Los organoids intestinales cultivados en ECM continuaron ampliándose y exhibiendo la formación espontánea de estructuras de florecimiento secundarias. Organoids mantenido por cinco días en la ausencia de matriz extracelular exhibió formas alargadas, enquistadas, e irregulares. La expresión de marcadores atípicos, como villin y ZO-1 se detectó el lado externo del epitelio que fue expuesto al medio.
Ecm embebido organoids manchados para los núcleos, villin, y ZO-1 que demostraba una polaridad básica apical donde el lado apical hacía frente al lumen del organoid. Una vez establecida la monocapa las células formaron uniones estrechas y una capa confluente. La capa confluente también orienta su borde de cepillo que contiene villín hacia el lado apical del epitelio, formando complejos multiproteicos ZO-1 entre las células.
La transición a una cultura de ALI indujo la diferenciación adicional con las células más prominentes del cáliz que fue visualizada manchando para la proteína secretada MUC2 de la mucina para inducir la inversión de la polaridad es crucial quitar todo el ECM sin interrumpir o fragmentar los organoids.

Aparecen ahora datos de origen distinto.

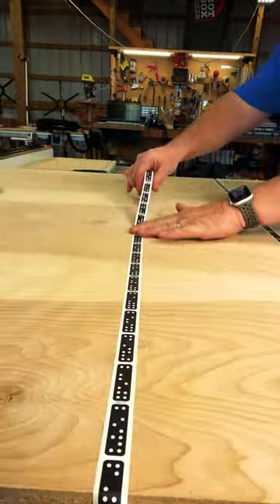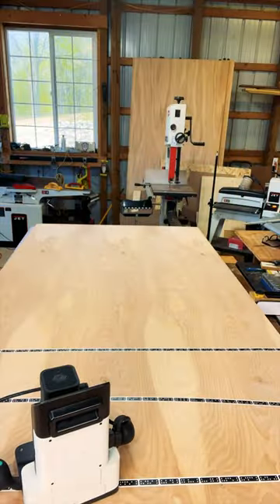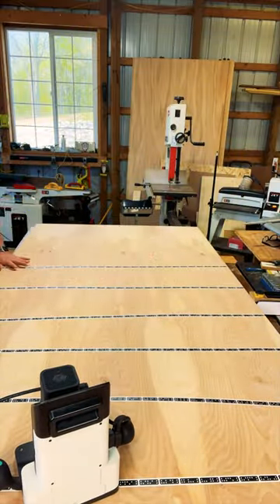The first thing we need to do is lay out our Shaper Tape. The Shaper Tape, which looks like dominoes, is what allows this machine to position itself on the plywood. After our tape's down, it's time to scan those dominoes.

Los cambios en los medios también deben hacerse con cuidado para evitar la eliminación de cualquiera de los organoides suspendidos. Asegurar que haya suficientes células individuales para el establecimiento del cultivo de monocapa es un determinante importante de su calidad.
Las funciones específicas apicales, como la absorción de nutrientes o las interacciones de patógenos del huésped, ahora pueden estudiarse en sistemas relevantes que se adapten a las necesidades de los investigadores.